WE ARE not doing one twentieth part of what God requires us to do. There has been a departure from the simplicity of the work, making it intricate, difficult to understand, and difficult to execute. The judgment and wisdom of man rather than of God has too often guided and controlled. Many feel that they have not time to watch for souls as they that must give account. And what excuse will they render for this neglect of the important work which was theirs to do?"—Testimonies, vol. 5, p. 11.
What a challenge! Although this paragraph was written eighty years ago, the statement, "We are not doing one-twentieth part of what God requires us to do" applies to this solemn time in which we are living, and in particular to the insignificant work being done for the nearly ten million Jews living in the United States. What are we doing as a denomination to win souls for the kingdom from among them? I read in a book recently the startling accusation that the crime of evangelism is laziness. Many are praying for the conversion of the Jews, but prayer is no substitute for action in soul winning.
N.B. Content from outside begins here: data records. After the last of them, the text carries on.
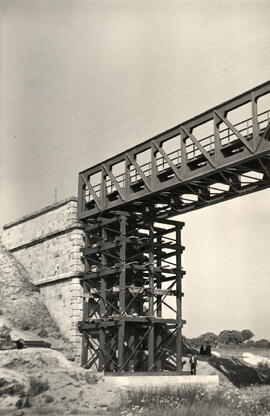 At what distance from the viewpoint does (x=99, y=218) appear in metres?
26.6

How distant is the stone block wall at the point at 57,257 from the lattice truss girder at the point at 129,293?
2.17 ft

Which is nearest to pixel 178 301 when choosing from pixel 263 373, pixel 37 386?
pixel 263 373

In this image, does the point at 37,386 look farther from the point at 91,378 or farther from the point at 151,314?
the point at 151,314

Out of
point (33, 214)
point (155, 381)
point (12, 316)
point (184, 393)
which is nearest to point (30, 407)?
point (184, 393)

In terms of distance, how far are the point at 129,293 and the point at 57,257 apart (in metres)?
4.85

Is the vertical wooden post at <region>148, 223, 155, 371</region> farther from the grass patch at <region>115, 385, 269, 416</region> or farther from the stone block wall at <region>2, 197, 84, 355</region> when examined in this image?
the grass patch at <region>115, 385, 269, 416</region>

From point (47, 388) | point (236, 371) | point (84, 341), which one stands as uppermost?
point (84, 341)

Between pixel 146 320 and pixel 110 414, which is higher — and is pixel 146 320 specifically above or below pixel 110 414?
above

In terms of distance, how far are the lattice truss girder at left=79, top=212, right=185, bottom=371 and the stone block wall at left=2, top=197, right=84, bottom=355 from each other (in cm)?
66

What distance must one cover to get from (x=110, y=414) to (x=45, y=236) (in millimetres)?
17642

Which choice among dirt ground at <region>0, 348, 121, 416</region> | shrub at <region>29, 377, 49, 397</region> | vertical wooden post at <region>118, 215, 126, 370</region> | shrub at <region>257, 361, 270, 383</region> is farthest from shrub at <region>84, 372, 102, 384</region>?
shrub at <region>257, 361, 270, 383</region>

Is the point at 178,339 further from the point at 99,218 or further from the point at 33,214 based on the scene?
the point at 33,214

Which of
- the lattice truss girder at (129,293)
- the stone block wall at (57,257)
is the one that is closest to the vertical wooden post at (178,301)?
the lattice truss girder at (129,293)

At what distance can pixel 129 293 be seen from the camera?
26.8 metres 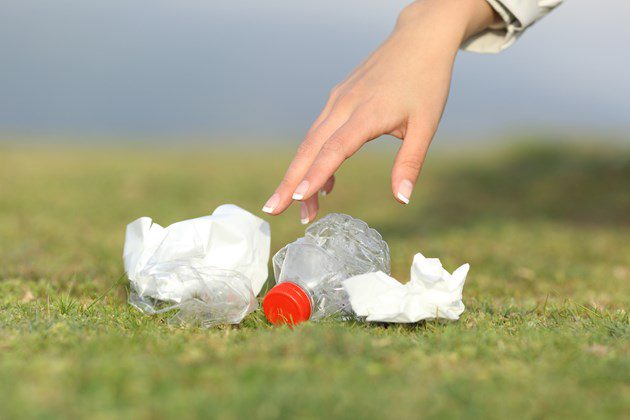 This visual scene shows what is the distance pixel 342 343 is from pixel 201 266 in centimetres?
112

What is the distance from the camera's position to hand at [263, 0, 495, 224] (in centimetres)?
342

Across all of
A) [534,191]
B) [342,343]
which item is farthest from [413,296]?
[534,191]

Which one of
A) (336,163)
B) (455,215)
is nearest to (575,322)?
(336,163)

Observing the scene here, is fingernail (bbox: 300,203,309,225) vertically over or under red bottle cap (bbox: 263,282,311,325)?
over

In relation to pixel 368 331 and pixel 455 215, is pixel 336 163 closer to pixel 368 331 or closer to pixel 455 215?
pixel 368 331

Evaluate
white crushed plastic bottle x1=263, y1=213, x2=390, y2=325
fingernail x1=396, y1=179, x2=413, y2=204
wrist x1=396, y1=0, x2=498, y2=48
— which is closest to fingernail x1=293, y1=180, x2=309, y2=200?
white crushed plastic bottle x1=263, y1=213, x2=390, y2=325

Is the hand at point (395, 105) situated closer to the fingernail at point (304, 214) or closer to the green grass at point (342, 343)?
the fingernail at point (304, 214)

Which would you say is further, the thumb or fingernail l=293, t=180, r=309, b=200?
the thumb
The Jews as a whole are fine, good, and sincere people. We find them among the great men in literature, philosophy, history, and the sciences. Many of them are wealthy, men of influence in government and in social circles. The Lord wants to save them and to use their talents and means for the advancement of His cause. We have the promise: "Many will accept Christ as the Messiah."—Gospel Workers, p. 398. With that infallible promise of God we ought to go into action. Here are some suggestions that might be followed:
1. Let each pastor with his church board make an inventory of the Jewish families living in the community.
2. Assign able church members as visitors to these families, either to sell or give them a copy of our quarterly magazine Israelite. (The price is only 25 cents a copy or $1.00 for a yearly subscription.)
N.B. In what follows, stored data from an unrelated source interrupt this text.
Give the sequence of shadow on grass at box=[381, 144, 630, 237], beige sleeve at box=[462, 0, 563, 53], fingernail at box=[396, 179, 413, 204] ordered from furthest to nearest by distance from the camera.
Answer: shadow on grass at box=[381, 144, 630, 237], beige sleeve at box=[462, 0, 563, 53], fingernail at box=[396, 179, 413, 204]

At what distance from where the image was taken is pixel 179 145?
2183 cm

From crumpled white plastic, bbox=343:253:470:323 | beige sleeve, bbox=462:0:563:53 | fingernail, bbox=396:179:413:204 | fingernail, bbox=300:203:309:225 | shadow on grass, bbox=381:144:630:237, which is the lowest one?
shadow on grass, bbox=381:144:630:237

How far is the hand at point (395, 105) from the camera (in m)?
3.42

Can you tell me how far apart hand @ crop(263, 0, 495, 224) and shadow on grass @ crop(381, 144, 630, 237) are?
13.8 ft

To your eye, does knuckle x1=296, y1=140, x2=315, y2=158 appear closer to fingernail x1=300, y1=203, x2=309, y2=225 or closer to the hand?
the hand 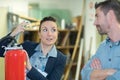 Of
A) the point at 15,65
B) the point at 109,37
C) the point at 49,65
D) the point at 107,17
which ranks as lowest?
the point at 49,65

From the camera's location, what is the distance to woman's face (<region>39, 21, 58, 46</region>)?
213cm

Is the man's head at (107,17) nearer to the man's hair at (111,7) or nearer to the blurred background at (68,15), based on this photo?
the man's hair at (111,7)

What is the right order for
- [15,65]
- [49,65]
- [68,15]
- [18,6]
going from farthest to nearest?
[68,15], [18,6], [49,65], [15,65]

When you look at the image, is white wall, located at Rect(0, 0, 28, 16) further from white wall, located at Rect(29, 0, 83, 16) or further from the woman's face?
the woman's face

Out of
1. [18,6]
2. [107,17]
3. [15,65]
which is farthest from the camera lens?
[18,6]

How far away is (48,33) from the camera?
7.02 feet

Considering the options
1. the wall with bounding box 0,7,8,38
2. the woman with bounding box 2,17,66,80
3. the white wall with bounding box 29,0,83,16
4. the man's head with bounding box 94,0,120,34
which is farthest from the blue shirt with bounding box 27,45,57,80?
the white wall with bounding box 29,0,83,16

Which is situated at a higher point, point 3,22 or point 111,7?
point 111,7

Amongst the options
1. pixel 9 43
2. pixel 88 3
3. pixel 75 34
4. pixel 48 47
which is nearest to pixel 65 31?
pixel 75 34

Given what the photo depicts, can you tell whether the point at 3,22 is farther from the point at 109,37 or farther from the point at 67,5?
the point at 109,37

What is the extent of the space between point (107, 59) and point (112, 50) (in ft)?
0.24

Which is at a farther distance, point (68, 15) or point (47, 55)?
point (68, 15)

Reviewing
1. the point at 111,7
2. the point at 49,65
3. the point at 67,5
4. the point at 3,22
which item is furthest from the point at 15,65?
the point at 67,5

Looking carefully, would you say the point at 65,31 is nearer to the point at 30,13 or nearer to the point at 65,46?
the point at 65,46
3. Let the same person go to the same homes from month to month with These Times, Signs of the Times, or other suitable literature, and each quarter with Israelite.
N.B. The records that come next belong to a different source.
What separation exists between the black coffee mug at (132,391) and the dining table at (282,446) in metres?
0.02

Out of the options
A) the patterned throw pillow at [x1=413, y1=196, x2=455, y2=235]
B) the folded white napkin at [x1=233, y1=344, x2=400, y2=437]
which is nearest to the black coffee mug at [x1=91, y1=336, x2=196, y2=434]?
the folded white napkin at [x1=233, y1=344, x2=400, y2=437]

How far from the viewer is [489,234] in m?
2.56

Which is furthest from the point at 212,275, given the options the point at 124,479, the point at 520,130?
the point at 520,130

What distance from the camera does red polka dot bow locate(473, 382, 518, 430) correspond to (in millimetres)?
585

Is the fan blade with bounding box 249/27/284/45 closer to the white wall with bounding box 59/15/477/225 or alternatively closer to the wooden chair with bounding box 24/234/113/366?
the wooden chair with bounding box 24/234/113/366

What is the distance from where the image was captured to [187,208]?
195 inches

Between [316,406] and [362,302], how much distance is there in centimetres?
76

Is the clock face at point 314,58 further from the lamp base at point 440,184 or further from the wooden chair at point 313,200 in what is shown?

The cultivation of friendship by frequent contacts, with a burning passion that stirs passion, and emotion that kindles emotion, will make a lasting impression on the minds and hearts of our Jewish friends. The greatest power that will impel them to accept Jesus Christ as the Messiah prophesied in the Old Testament will be the impression of truth through constant Christian love manifested in little acts of kindness in the weekly or monthly visits. May the statement, "Many feel that they have not time to watch for souls as they that must give account," help us as ministers and church officers to wake up to our opportunities, to remove the objections of the Jews, to dissipate their doubts, and to conquer their prejudices. Yes, in the day of judgment we will have to give account for what has and has not been done for the salvation of the Jews in our communities. Let us accept Christ's challenge for the evangelization of the Jews in our country and in all nations of the world, working with never-ending patience, and many of them ultimately will join the church and prepare for the glorious return of our Lord. There is no need to invent "intricate, difficult to understand, and difficult to execute" plans. There is only one way to save the lost, and that is to go out and do it. And the one prerequisite: a love and passion for lost souls.